In the study published in Drug and Alcohol Dependence, researchers from Columbia University and the New York State Psychiatric Institute compared the effectiveness of long-acting naltrexone (Depotrex) injections to the effectiveness of an injected placebo medication with no known benefit for opioid addiction treatment or the treatment of any other condition. Some of the individuals enrolled in the study received relatively low doses of Depotrex (192 mg), while others received relatively large doses of the medication (384 mg). The placebo recipients, low-dose naltrexone recipients and high-dose naltrexone recipients all underwent eight weeks of treatment. In order to avoid any bias in the results, neither the participants nor the researchers learned until the study ended who received which treatment. The researchers used urine drug testing to assess naltrexone’s treatment effectiveness. They hypothesized that the participants with opioids in their system would not stick with treatment over time, and therefore would not recover from their addictions. The results of the study partially confirmed this hypothesis: Both the placebo recipients and the low-dose naltrexone recipients tested positive for opioids with some frequency, and tended to subsequently drop out of treatment. However, when the high-dose naltrexone recipients tested positive for opioid drug use, they tended not to drop out of treatment. Instead, they were more apt to return to drug abstinence and complete their treatment programs. In comparison to the study participants taking a placebo, the recipients of both low-dose and high-dose naltrexone had a significantly improved rate of ongoing treatment participation when they remained drug-free.
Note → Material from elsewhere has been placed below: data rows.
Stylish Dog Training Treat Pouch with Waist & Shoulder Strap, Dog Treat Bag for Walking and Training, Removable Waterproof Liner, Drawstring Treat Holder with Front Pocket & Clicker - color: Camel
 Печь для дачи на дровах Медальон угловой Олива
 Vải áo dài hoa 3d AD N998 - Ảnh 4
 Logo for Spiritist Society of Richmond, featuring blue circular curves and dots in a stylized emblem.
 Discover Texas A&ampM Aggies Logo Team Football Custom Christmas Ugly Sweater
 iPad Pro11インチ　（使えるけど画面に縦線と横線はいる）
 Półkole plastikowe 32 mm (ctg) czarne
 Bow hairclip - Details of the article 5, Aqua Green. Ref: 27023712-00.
Significance and Considerations
The authors of the study published in Drug and Alcohol Dependence confirm the effectiveness of long-acting naltrexone as treatment for recovering opioid addicts. However, they specifically tie the usefulness of the medication to the receipt of adequate dosages during the recovery process. In particular, they point out, when people on inadequate doses of the medication “test the naltrexone blockade” and attempt to use opioids (an act counter to the purposes of naltrexone treatment), they will likely end their treatment participation. Conversely, when people on adequate doses of the medication attempt to use opioids, they will likely successfully rebound from these attempts and return to drug sobriety. On a separate note, while naltrexone does not consistently address the drug cravings that help define opioid addiction, the study’s authors believe that cessation of cravings may help explain the benefits of the medication for recovering addicts who never attempt to use opioids after initially gaining abstinence.